Enforce Constitution Section III in the 14th Amendment - January 6th sedition punishment

Capitol riot participants must be punished.
Courts need to send a message that deters insurrectionists.
Jan. 6, 2021, violent insurrectionists loyal to The Former Guy hold on to a police barrier at the U.S. Capitol. 

Editor opinion letter published in the Reading Eagle, a Pennsylvania newspaper:

After the Civil War, members of Congress realized that tens of thousands of U.S. citizens had taken seditious, rebellious acts of insurrection against the United States of America. 

Large numbers of Confederates had previously taken an oath of allegiance to the United States when elected to state and federal offices or by serving in the military.

To prevent them from ever holding office again, Section III of the 14th Amendment to the U.S. Constitution was written and adopted by the states*.

In the near future numerous individuals fitting the aforementioned parameters will have been identified as Jan. 6 insurrectionists through the scrutiny of a House special committee and the testimony of witnesses.

Should Congress convict any or all of them, they should be held to the stipulated penalties of the 14th Amendment. These could include a former chief executive of the U.S., members of Congress, state legislators, law enforcement officers and others.


Whether or not the historic document that has guided our constitutional republic since before George Washington’s election is worth the paper it is written on will be determined by how any punishment is meted out against the insurrectionists.

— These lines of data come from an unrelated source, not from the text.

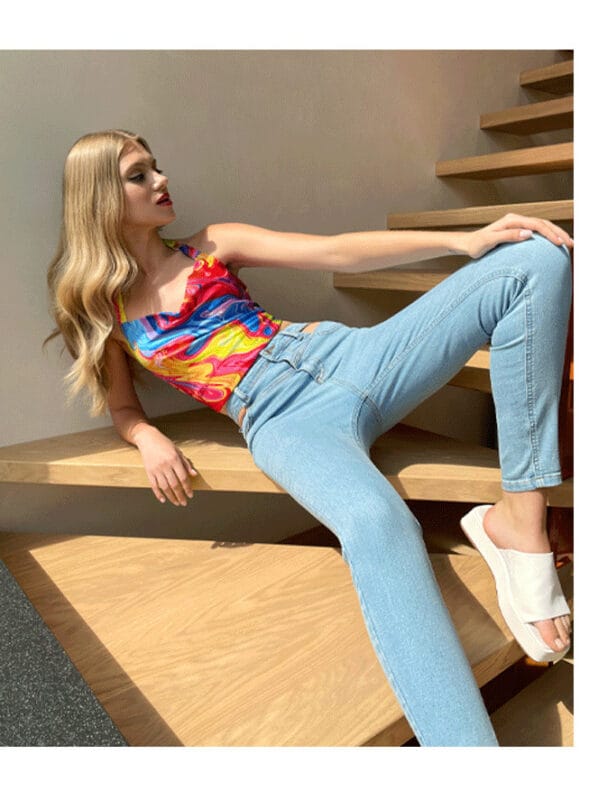 modne stylizacje 2022, modelka w koszulce na ramiączkach i jeansach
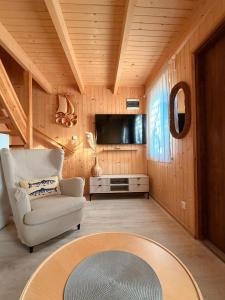 a living room with a couch and a tv at Baltic Star in Władysławowo
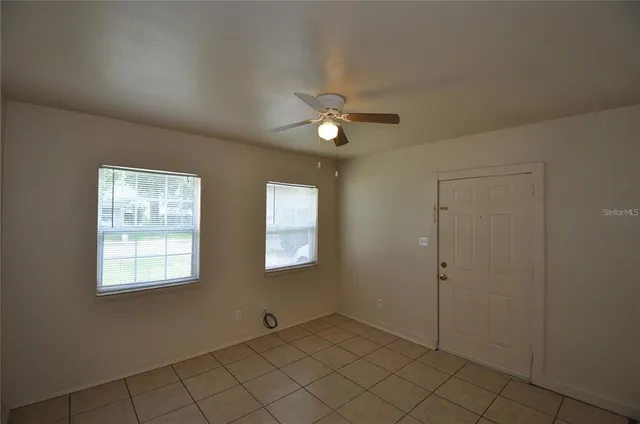 a view of an empty room with a window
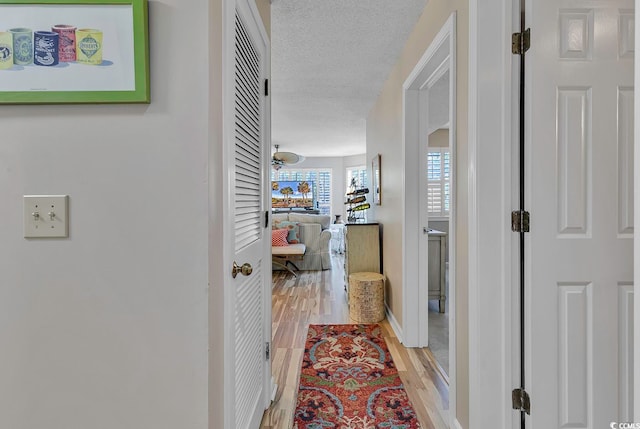 corridor with light wood-type flooring and a textured ceiling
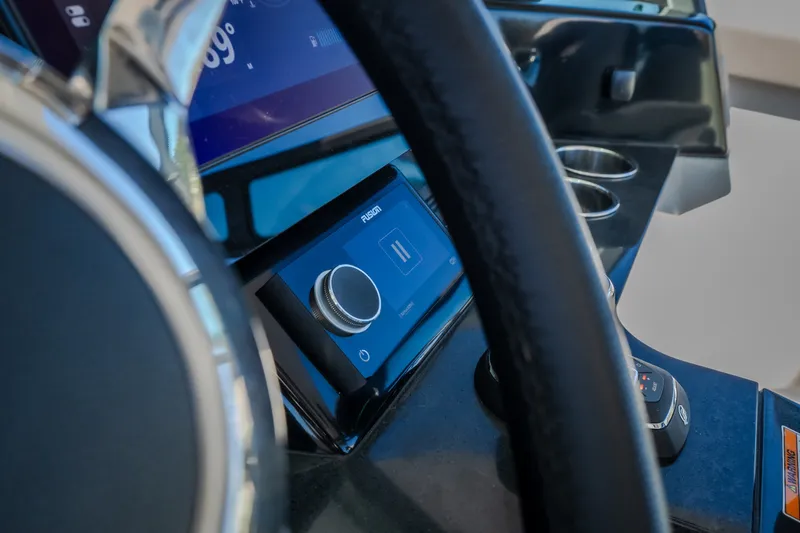 Slide: The Image of Dashboard of 2026 Monterey Elite 30 OB boat with modern controls and display. - 20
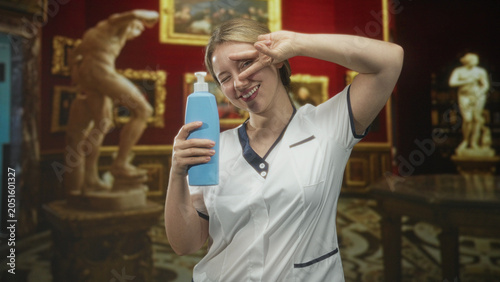 Slika na platnu Woman nurse holding blue pump bottle, smiling with eyes closed and making peace sign while wearing uniform in building; cheerfulness care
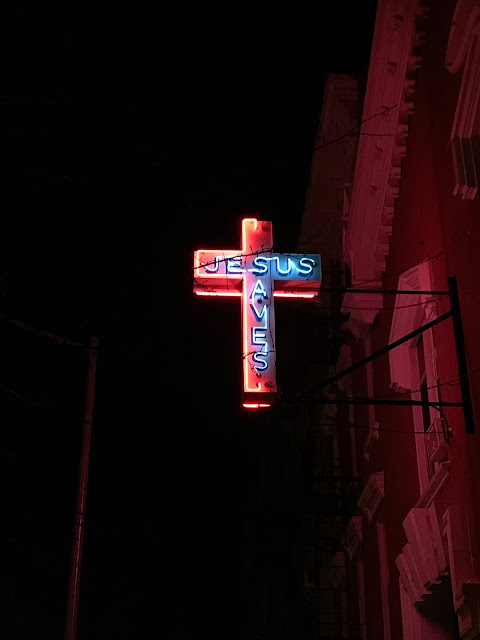 a lighted cross with the words "Jesus Saves" on it that is a sign possibly attached to a building.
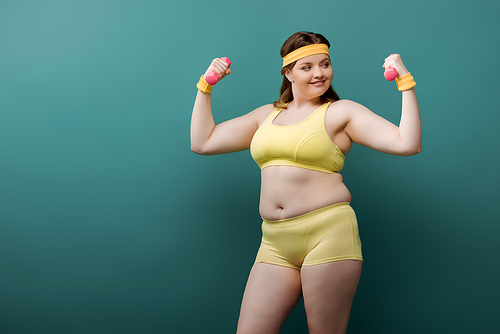 Plus size sportswoman smiling and looking at dumbbell on green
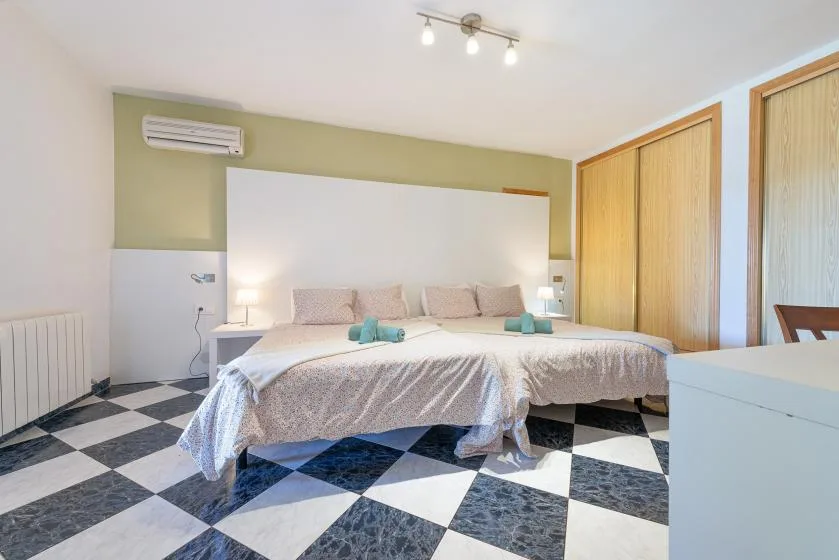Un dormitorio con una cama, mesitas de noche y suelo de baldosas a cuadros.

The likelihood of a future coup d’etat should be greatly diminished by effective application of the 14th Amendment.

Gary Coller
Spring Township
Section Three of the 14th amendment, gave Congress the authority to bar public officials, who took an oath of allegiance to the U.S. Constitution, from holding office if they "engaged in insurrection or rebellion" against the Constitution. The intent was to prevent the president from allowing former leaders of the Confederacy to regain power within the U.S. government after securing a presidential pardon. It states that a two-thirds majority vote in Congress is required to allow public officials who had engaged in rebellion to regain the rights of American citizenship and hold government or military office.

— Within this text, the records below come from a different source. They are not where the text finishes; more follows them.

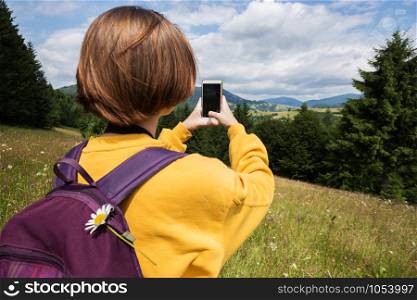 tourist girl with a backpack and smartphone standing in the meadow at the mountains. Carpathians. Ukraine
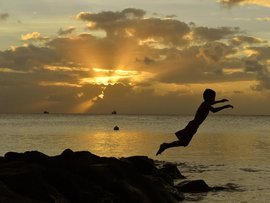 A child jumps into a lagoon in Tuvalu (file image)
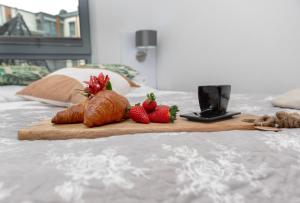 a wooden cutting board with strawberries and croissants on a bed at Grunwaldzka 12 A4 Easy-Rent Apartments - 50m od plaży z dużym tarasem in Pobierowo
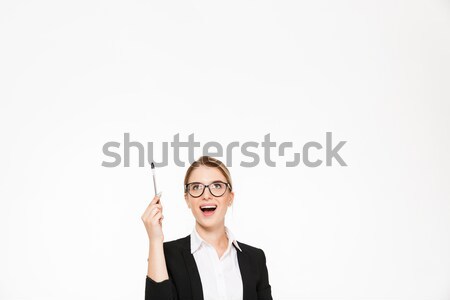 étonné heureux femme d'affaires lunettes pointant [[stock_photo]] © deandrobot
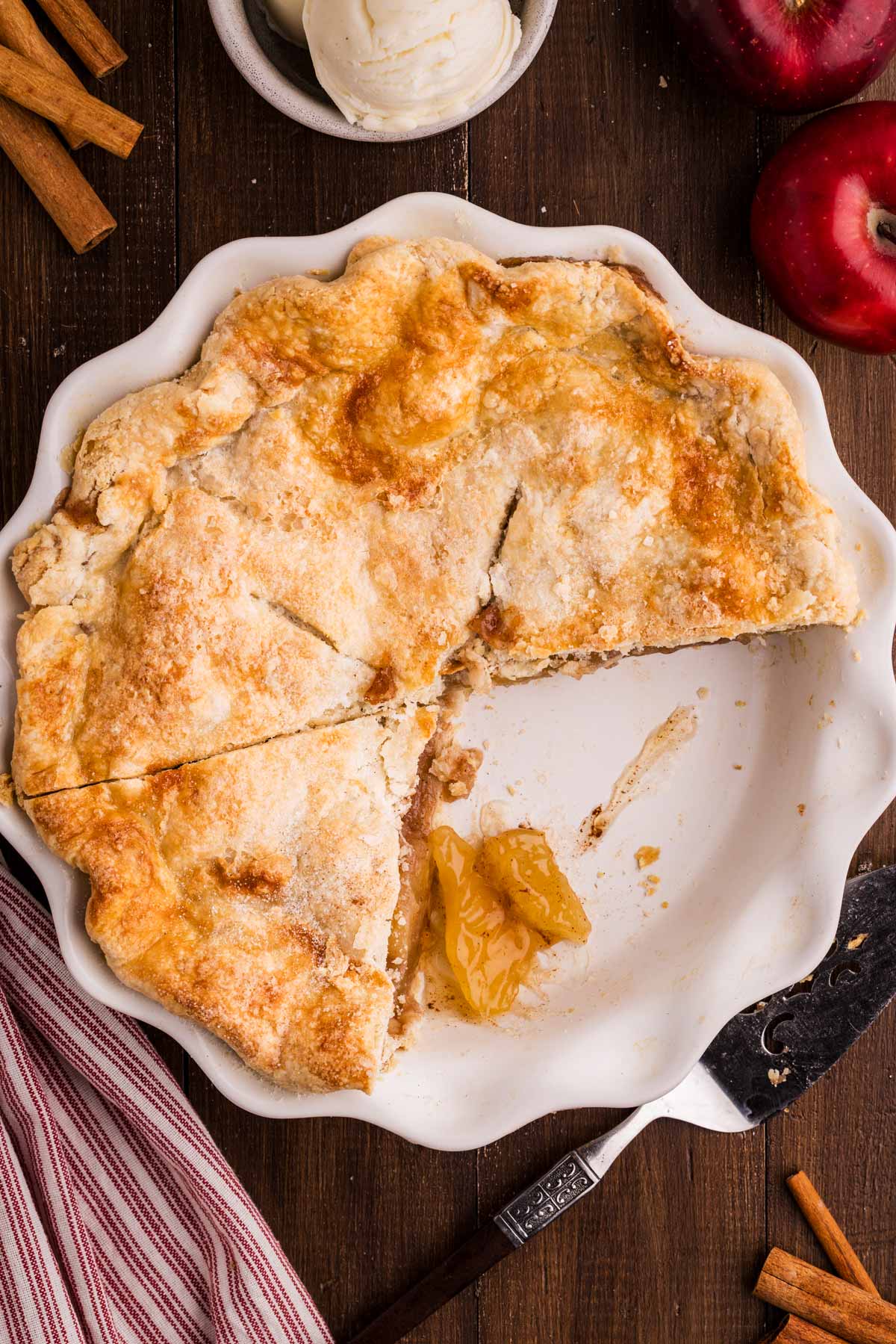 serving apple pie from a classic pie dish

It states that: "No person shall be a Senator or Representative in Congress, or elector of President and Vice-President, or hold any office, civil or military, under the United States, or under any state, who, having previously taken an oath, as a member of Congress, or as an officer of the United States, or as a member of any State legislature, or as an executive or judicial officer of any State, to support the Constitution of the United States, shall have engaged in insurrection or rebellion against the same, or given aid or comfort to the enemies thereof."